**Exercise objective:**
Once the pictures are set aside, reproduce the entries below exactly.

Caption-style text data
· · · ·

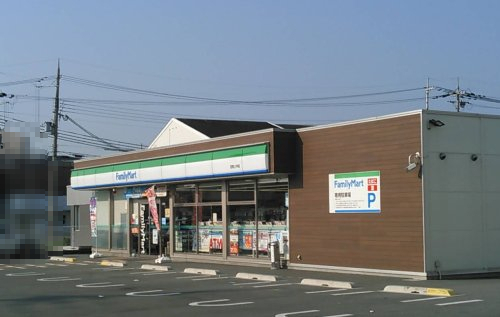 コンビニ　ファミリーマート 加東上中店（コンビニ）まで622m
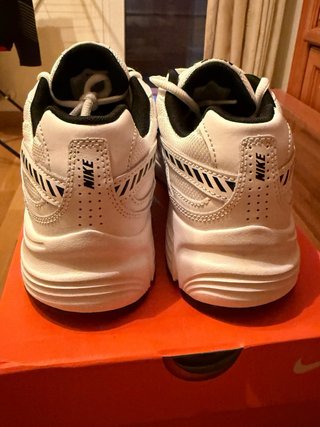 Scarpe Nike Initiator Bianche e Nere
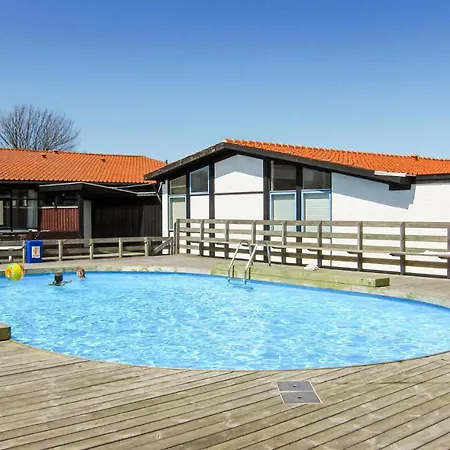 Beautiful In With 2 Bedrooms, Wifi And Outdoor Swimming Pool Vakantiehuis Allinge-Sandvig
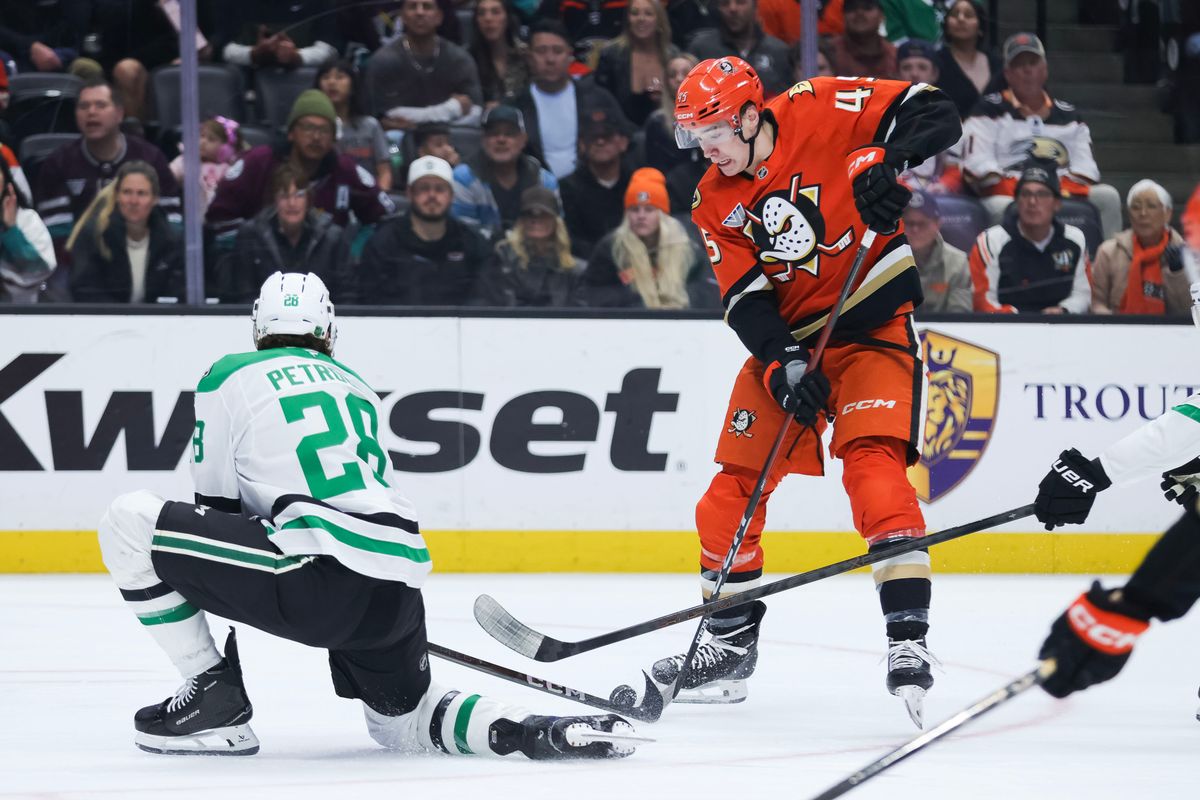 Anaheim Ducks right wing Beckett Sennecke (45) passes the puck during the NHL game against the Dallas Stars, Friday December 19th, 2025 at Honda Center in Anaheim, Calif.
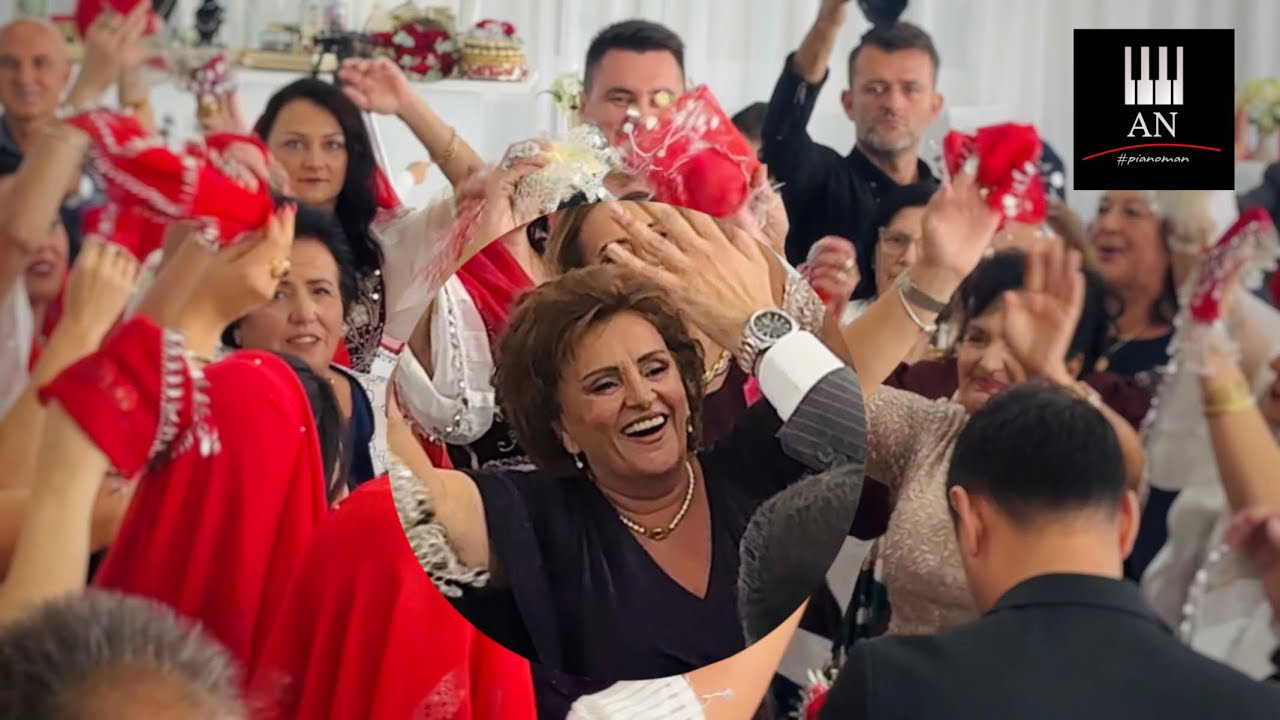 “Lot Gëzimi – Nëna Emocionohet në Fejesën e Djalit të Saj 💍❤️” Familja Lika - Adi & Ervina Tetor2025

· · · ·

**Reply:**
 コンビニ　ファミリーマート 加東上中店（コンビニ）まで622m
 Scarpe Nike Initiator Bianche e Nere
 Beautiful In With 2 Bedrooms, Wifi And Outdoor Swimming Pool Vakantiehuis Allinge-Sandvig
 Anaheim Ducks right wing Beckett Sennecke (45) passes the puck during the NHL game against the Dallas Stars, Friday December 19th, 2025 at Honda Center in Anaheim, Calif.
 “Lot Gëzimi – Nëna Emocionohet në Fejesën e Djalit të Saj 💍❤️” Familja Lika - Adi & Ervina Tetor2025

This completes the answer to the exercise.